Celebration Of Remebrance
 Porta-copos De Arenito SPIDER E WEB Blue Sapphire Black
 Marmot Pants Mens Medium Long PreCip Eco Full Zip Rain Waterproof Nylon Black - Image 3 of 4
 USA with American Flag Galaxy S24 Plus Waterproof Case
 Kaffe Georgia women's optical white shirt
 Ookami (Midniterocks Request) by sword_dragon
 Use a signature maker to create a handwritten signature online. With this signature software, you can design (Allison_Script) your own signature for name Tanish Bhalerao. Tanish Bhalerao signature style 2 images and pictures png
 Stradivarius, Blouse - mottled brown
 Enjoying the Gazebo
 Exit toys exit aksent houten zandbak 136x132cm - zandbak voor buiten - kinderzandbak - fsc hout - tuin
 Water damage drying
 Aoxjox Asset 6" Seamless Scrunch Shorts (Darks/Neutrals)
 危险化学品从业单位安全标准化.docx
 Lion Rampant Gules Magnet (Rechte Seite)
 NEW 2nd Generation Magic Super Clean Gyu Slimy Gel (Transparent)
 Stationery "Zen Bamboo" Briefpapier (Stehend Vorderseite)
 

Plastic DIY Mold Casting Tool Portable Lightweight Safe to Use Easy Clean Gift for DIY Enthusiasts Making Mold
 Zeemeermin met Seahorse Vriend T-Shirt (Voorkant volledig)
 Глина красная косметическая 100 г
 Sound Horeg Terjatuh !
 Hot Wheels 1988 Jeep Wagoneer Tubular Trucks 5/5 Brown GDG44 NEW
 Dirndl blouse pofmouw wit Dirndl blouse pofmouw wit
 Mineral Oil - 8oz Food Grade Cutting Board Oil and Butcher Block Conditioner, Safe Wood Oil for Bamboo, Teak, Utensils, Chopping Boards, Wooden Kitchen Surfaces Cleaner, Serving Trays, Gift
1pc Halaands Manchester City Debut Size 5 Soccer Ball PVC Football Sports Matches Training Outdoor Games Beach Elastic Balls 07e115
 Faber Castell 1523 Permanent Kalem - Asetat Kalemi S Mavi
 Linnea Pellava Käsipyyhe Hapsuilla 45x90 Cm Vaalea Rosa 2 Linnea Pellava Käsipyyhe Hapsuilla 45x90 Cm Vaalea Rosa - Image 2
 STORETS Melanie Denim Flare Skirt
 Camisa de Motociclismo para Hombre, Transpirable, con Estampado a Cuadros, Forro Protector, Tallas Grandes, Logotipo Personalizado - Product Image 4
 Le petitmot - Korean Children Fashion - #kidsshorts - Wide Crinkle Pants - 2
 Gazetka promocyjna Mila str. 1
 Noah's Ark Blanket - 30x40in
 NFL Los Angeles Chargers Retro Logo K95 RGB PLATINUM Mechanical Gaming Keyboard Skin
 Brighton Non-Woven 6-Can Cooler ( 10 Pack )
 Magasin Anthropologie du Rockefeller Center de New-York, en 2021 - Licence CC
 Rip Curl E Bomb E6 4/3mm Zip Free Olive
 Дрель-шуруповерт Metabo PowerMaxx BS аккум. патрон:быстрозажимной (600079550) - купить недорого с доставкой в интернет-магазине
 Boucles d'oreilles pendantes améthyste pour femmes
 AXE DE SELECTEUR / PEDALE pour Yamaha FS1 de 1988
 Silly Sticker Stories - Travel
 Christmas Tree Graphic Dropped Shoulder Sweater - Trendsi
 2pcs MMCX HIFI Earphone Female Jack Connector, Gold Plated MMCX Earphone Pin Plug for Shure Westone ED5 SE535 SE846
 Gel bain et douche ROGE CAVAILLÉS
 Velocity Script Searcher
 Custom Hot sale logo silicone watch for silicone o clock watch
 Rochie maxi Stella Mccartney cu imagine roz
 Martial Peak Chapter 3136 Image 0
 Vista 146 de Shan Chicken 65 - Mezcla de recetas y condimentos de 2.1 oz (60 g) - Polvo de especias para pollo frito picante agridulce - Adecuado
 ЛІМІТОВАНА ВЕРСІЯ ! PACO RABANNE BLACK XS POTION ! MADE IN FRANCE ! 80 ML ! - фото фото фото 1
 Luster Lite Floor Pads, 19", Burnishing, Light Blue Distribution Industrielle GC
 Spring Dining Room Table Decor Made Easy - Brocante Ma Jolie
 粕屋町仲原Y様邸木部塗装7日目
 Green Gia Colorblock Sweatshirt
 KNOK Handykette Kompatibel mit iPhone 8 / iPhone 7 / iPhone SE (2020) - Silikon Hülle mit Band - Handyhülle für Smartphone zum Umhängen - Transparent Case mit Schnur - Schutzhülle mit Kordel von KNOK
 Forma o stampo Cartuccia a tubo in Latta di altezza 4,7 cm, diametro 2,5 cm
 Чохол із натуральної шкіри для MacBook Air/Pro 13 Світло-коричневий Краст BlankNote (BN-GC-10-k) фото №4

######

Work order —
Going down the listing above, begin printing at the line with "Faber Castell 1523" and finish with the line with "STORETS Melanie Denim Flare Skirt", exactly as they appear.

Answer box —
 Faber Castell 1523 Permanent Kalem - Asetat Kalemi S Mavi
 Linnea Pellava Käsipyyhe Hapsuilla 45x90 Cm Vaalea Rosa 2 Linnea Pellava Käsipyyhe Hapsuilla 45x90 Cm Vaalea Rosa - Image 2
 STORETS Melanie Denim Flare Skirt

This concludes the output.